BEGIN
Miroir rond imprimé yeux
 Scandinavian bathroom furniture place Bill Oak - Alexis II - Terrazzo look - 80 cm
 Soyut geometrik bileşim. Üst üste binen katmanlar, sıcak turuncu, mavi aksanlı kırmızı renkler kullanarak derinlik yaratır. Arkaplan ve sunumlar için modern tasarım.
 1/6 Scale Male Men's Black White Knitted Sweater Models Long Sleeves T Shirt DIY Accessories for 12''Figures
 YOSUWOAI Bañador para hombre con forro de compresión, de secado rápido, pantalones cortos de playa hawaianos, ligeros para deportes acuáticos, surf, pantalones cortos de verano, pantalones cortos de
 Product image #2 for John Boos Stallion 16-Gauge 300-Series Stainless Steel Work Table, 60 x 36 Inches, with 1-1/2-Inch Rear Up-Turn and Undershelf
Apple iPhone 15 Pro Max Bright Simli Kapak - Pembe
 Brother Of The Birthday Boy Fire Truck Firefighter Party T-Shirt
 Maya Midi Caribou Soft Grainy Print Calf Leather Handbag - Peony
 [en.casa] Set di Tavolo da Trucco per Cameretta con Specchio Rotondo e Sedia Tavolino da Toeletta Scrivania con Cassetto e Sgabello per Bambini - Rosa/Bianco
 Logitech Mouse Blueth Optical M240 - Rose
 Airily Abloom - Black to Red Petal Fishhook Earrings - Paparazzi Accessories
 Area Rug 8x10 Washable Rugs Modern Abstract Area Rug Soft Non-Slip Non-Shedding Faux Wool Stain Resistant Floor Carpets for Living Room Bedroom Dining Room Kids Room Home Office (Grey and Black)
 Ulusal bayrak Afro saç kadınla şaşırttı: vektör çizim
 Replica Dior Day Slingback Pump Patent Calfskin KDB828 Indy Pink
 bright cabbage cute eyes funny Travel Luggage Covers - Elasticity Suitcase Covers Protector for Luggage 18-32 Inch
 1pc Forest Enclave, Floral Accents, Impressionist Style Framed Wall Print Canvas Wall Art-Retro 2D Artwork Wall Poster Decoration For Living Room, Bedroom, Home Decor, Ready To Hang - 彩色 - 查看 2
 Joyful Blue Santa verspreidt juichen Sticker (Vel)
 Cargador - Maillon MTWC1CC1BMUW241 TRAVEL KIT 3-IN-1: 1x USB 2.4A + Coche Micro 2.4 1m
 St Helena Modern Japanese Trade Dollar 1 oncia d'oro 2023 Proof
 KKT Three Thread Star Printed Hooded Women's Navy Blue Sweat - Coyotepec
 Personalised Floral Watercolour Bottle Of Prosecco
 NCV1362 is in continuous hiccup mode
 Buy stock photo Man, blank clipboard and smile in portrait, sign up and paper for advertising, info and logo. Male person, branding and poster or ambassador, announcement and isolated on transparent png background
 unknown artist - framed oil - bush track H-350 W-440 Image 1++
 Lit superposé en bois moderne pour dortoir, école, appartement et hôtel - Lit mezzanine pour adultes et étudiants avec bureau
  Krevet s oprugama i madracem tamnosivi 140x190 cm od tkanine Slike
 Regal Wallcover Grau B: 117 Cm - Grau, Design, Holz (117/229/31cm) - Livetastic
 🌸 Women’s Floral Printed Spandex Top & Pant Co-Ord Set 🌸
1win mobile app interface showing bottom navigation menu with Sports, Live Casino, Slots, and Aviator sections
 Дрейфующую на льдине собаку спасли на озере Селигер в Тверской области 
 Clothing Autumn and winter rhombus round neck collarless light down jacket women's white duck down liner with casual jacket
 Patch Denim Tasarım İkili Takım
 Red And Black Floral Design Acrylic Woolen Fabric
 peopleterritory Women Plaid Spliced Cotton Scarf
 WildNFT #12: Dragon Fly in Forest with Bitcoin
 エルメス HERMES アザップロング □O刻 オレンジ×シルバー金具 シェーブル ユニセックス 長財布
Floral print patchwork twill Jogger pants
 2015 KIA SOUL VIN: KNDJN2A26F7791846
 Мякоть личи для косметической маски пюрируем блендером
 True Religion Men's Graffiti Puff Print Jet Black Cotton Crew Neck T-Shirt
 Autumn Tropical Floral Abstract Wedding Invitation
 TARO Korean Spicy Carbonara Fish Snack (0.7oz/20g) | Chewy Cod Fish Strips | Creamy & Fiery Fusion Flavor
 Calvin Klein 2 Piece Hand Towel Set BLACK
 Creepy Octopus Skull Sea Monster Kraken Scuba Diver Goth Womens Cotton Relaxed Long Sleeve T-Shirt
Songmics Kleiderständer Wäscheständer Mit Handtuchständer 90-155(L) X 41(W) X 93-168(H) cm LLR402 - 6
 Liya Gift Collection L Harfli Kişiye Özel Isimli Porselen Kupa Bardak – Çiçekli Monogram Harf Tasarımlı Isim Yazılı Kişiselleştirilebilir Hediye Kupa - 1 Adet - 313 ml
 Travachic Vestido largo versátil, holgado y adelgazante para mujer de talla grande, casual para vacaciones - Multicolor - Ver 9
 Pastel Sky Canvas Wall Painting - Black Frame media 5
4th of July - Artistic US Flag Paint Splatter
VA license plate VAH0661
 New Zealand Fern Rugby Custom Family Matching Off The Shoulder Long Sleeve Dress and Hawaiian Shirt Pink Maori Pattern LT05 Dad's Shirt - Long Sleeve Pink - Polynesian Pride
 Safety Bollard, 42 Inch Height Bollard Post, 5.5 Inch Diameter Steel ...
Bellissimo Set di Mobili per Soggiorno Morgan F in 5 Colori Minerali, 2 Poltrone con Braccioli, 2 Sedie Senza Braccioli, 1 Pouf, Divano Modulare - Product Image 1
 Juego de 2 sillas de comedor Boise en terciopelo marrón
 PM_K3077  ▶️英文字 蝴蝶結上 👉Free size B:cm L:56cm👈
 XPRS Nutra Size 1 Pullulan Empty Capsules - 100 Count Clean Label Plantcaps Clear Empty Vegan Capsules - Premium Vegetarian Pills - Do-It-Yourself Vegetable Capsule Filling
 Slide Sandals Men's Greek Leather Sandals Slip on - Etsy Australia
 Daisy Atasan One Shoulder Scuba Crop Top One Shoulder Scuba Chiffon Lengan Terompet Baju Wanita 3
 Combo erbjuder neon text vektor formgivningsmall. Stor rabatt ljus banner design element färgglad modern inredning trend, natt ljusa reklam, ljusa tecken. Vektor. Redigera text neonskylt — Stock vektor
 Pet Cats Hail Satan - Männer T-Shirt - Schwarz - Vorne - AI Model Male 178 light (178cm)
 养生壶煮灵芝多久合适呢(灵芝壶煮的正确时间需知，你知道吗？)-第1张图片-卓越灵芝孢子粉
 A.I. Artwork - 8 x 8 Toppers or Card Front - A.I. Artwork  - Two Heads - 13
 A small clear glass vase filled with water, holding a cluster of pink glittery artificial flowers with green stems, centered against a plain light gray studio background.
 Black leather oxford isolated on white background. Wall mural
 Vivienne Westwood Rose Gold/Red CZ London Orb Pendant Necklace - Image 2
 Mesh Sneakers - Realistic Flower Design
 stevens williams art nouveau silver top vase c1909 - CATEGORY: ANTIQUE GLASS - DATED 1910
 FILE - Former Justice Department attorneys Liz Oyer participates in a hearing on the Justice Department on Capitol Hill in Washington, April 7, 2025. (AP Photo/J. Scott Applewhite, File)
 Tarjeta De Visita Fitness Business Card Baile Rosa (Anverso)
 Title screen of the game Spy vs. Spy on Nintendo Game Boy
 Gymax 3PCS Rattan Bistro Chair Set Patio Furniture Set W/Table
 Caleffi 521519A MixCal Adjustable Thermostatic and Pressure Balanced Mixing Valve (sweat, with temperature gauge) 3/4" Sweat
END
ABOUT THIS TASK:
Please give back, exactly as it stands above, the stretch from the line with "Logitech Mouse Blueth Optical M240 - Rose" through the line with "Area Rug 8x10", and no line outside it.

RESULT FOR THIS TASK:
 Logitech Mouse Blueth Optical M240 - Rose
 Airily Abloom - Black to Red Petal Fishhook Earrings - Paparazzi Accessories
 Area Rug 8x10 Washable Rugs Modern Abstract Area Rug Soft Non-Slip Non-Shedding Faux Wool Stain Resistant Floor Carpets for Living Room Bedroom Dining Room Kids Room Home Office (Grey and Black)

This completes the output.